We struggled in vain to communicate the breadth and depth of our work. And although not much could be said he was happy to see us of Catholic and Protestant backgrounds and through various gestures and a groping for words we understood that he was calling us ”Jesus’ family”. Later I asked to see the chapel where his few people gathered for Sunday services. He took us there. I was anxious to see the hymnals and Bible – yet when I saw the Arabic type I was caught by surprise! Although I had studied church history, the major emphasis had mostly been on the 'successful' Greek thrust of the early church. However, upon seeing the Arabic type, the forgotten efforts of those early Christians who carried their faith to Alexandria [Egypt] and throughout North Africa came to my mind.
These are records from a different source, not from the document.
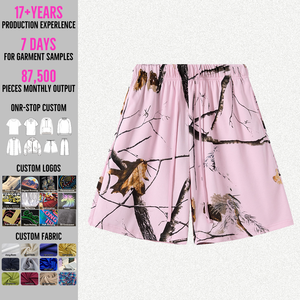 Shorts amples personnalisés Yingling, shorts streetwear avec imprimé arbre réel, pantalons de survêtement amples, impression DTF, cordon de serrage, shorts camouflage pour hommes - Product Image 2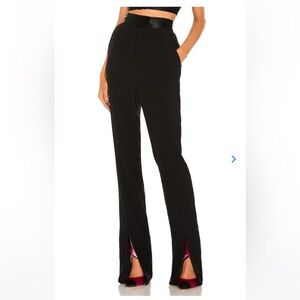 Lovers & Friends Yasmeen Trouser Split Hem Black Pants Size XS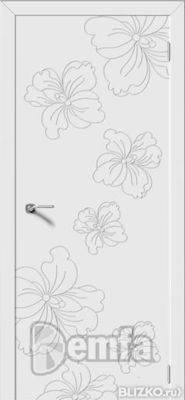Дверь межкомнатная МДФ Орхидея эмаль белая ПГ патина серебро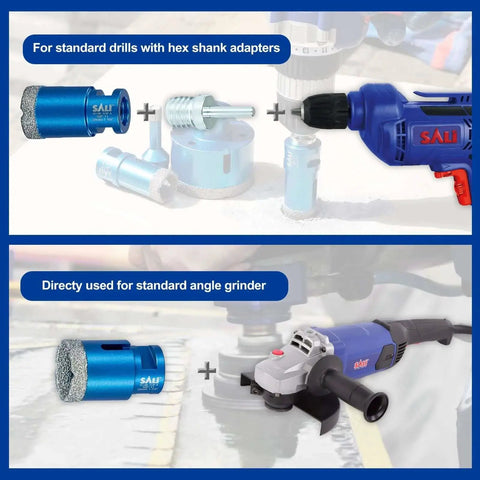 Image showing Diamond Core Drill Bit For Tile And Stone, Three Quarters Inch, Nineteen Millimeter, Vacuum Brazed Hole Saw With Five Eighths Inch Thread Arbor being used with drills and angle grinders.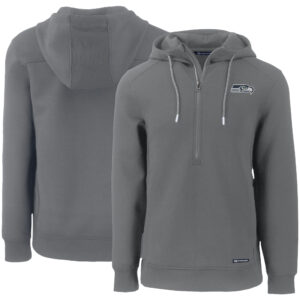 Men's Cutter & Buck Gray Seattle Seahawks Primary Mark Roam Eco Recycled Half-Zip Pullover Hoodie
Although I did not know the details of that mission.  I could sense the tears and disappointment of those involved to see that work eventually come to a virtual dead end as Christianity in the 7th century receded before Islam.


The Crying Menorah

One of my team’s visits was to S’hmuel Ha’navi [Samuel the Prophet] community center in a poorer section of Jerusalem. There we met Tali and her co-workers. We got a tour of the center and a description of its activities. Thereafter we sat down in the conference room where we were served one of those delightful cups of Middle East tea with the mint leaf floating inside. I gave a brief introduction to the Peace Initiative and the Rally and made my appeal that they organize some buses to bring their people.

The talk was well received and the staff attending was of like minds and expressed their support but stated that unfortunately the day of the rally was also the day of the wedding of one of the center’s staff. They were all committed to attend the wedding. Still we asked if some posters could be placed and if there was sufficient positive response we would be glad to schedule a bus.
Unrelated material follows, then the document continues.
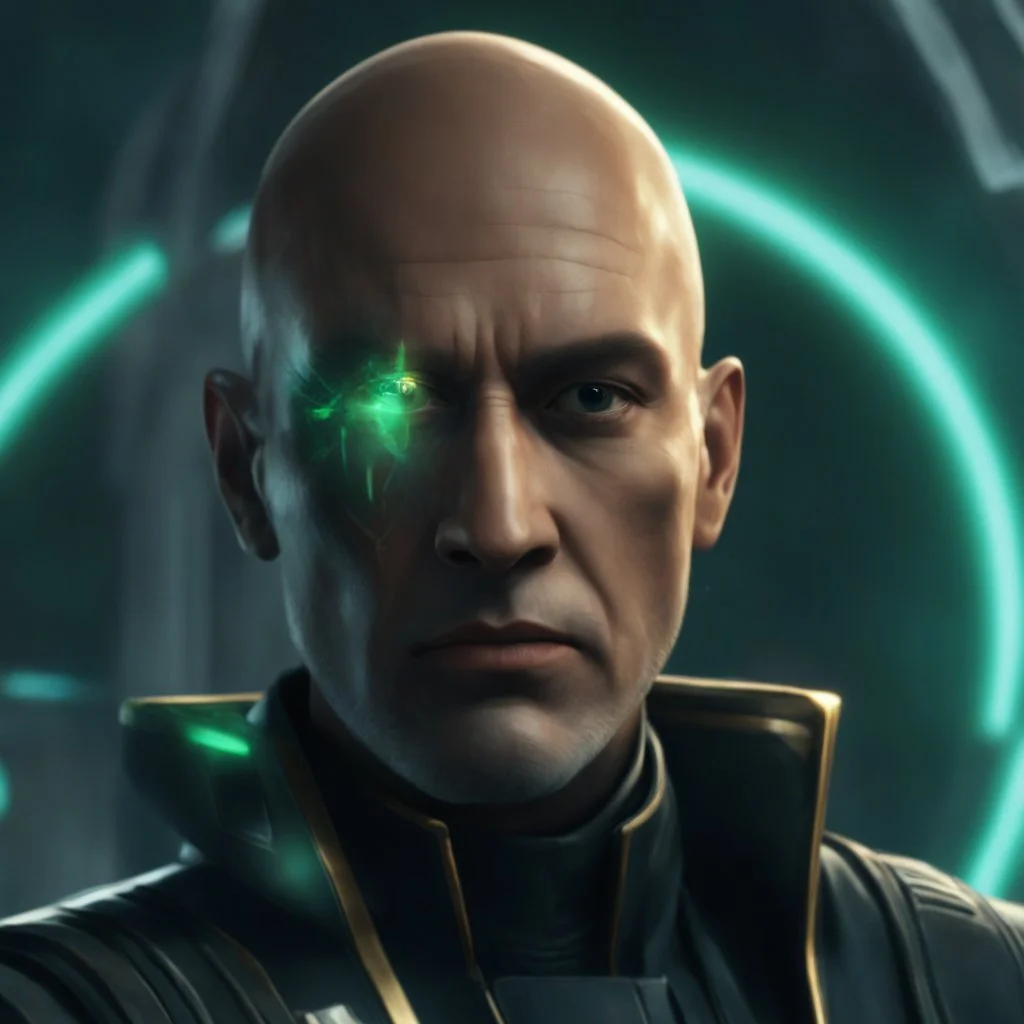 star wars bald male corellian jedi pilot wearing gunmetal grey and black old republic armored robes with gold trim inside the jedi temple holding a lightsaber with viridian green blade in left hand, centered head and shoulders portrait, hyperdetailed, dynamic lighting, hyperdetailed background, 8k resolution, volumetric lighting, light skin, fully symmetric details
On the way out I noticed a wall upon which there were many photos. Not having noticed that wall on our tour I drifted over to see what it was about. Just before I got too close I began to grasp that I was going in to a sensitive situation, one that our guide had most likely purposefully circumvented. It was a wall memorializing those young people of the community who, had served as soldiers over the past decades, and in so doing had lost their lives in various conflicts and wars. The reality of life in Israel once again emerged its painful side. I awkwardly expressed my remorse before Tali, who too had served in the Israeli army. We had a moment of silence and exited.

Outside I noticed a large menorah [a nine candle candelabra, associated with the celebration of Chanukah]. Under the menorah was a list of approximately 34 names – no doubt the names of the youth who had lost their lives. Unlike American memorials, the eerie thing about this tearful menorah was that there was still room for more names to be added!

There was also a trip to Hakfar Haryarok, a government run boarding school outside Tel Aviv. Purported to be the largest of its type in the country the school claimed 600 students; both Jew and Arab. It was an impressive setup with farmlands, animal husbandry et cetera. There we too were hosted and given a full lunch including a glass of Israeli wine. It was a paradise of sorts and its lush tropical foliage and pheasants running wild made me homesick for my past years in Florida. But there too the ugly face of war had left its reminder in the old concrete bomb shelters scattered around the grounds.